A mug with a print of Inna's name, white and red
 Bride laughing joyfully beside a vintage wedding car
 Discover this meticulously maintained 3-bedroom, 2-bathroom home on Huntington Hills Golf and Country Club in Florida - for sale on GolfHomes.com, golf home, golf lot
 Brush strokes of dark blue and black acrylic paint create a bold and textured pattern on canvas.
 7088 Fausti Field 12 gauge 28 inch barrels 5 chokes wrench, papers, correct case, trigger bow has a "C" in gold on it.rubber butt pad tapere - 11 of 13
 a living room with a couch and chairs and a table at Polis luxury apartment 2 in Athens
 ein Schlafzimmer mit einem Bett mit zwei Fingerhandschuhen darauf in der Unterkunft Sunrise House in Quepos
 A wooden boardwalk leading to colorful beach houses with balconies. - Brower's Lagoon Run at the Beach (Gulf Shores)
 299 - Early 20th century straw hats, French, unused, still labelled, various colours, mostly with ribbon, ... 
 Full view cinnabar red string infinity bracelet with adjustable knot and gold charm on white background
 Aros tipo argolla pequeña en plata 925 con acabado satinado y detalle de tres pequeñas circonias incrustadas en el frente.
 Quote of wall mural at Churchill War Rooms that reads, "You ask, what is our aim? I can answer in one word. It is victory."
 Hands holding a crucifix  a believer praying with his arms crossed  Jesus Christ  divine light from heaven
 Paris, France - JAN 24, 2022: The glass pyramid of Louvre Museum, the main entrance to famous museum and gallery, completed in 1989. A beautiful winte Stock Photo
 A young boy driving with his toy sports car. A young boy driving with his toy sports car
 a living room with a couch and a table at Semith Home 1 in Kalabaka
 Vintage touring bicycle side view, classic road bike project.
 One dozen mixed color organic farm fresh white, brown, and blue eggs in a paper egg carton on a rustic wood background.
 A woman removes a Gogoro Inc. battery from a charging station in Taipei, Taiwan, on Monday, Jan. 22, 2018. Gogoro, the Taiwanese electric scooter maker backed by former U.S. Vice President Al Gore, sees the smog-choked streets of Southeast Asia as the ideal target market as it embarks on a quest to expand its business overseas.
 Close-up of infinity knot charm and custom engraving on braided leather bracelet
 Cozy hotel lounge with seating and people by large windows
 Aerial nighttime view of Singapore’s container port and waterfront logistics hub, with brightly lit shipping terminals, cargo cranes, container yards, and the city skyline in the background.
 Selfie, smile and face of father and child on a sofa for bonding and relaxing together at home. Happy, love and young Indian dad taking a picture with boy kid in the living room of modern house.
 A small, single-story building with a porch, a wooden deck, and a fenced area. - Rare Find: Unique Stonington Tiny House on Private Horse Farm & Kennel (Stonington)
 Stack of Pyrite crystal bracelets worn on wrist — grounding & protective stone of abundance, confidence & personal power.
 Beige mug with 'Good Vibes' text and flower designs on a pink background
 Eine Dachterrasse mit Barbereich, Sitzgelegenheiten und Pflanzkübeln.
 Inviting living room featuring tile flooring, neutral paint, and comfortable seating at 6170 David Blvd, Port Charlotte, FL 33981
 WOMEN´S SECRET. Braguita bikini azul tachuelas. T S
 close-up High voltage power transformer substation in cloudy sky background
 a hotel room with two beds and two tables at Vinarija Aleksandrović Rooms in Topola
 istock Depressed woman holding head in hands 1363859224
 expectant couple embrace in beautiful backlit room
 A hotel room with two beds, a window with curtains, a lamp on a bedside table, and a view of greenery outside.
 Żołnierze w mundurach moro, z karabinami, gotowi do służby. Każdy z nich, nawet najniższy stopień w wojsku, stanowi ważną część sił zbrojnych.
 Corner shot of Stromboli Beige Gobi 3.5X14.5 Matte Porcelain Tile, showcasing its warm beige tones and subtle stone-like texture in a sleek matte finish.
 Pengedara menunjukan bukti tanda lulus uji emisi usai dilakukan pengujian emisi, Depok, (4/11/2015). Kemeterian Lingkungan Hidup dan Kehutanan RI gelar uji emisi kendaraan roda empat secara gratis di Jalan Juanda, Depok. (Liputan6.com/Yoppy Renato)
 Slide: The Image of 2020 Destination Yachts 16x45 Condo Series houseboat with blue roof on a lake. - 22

★ ★ ★ ★

Retype, exactly and in full, the lines above from the one containing "Discover this meticulously" through the one containing "Brush strokes of".

__Solution to this task__:
 Discover this meticulously maintained 3-bedroom, 2-bathroom home on Huntington Hills Golf and Country Club in Florida - for sale on GolfHomes.com, golf home, golf lot
 Brush strokes of dark blue and black acrylic paint create a bold and textured pattern on canvas.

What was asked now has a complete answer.